== The data ==
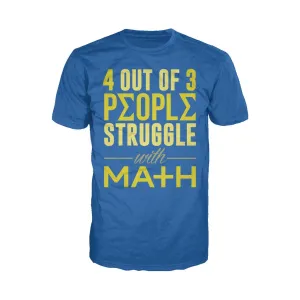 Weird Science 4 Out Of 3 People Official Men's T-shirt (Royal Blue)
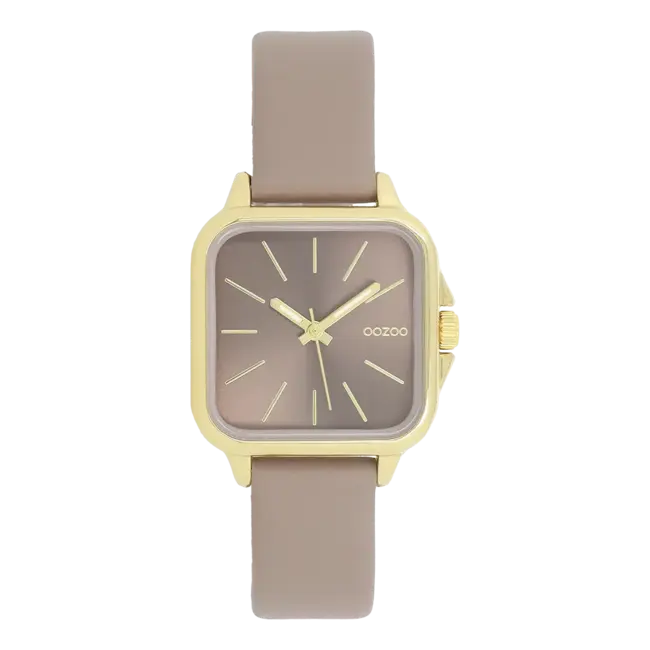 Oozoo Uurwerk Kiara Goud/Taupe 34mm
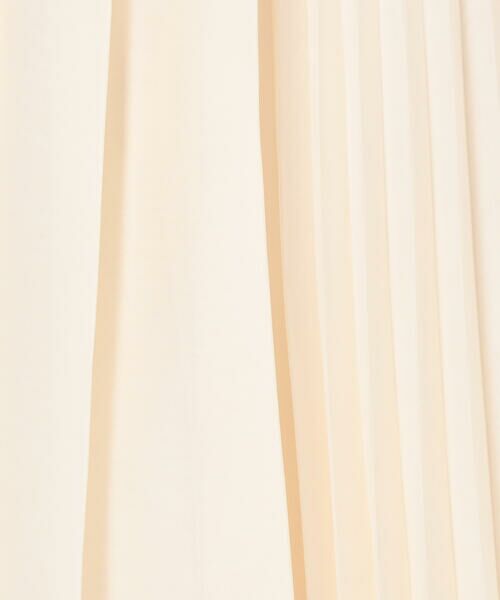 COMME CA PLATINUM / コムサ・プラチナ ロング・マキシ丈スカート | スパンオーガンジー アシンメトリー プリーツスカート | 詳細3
===
**Directions**
Print the material precisely as given, dropping any images it holds.

**Problem solution**
 Weird Science 4 Out Of 3 People Official Men's T-shirt (Royal Blue)
 Oozoo Uurwerk Kiara Goud/Taupe 34mm
 COMME CA PLATINUM / コムサ・プラチナ ロング・マキシ丈スカート | スパンオーガンジー アシンメトリー プリーツスカート | 詳細3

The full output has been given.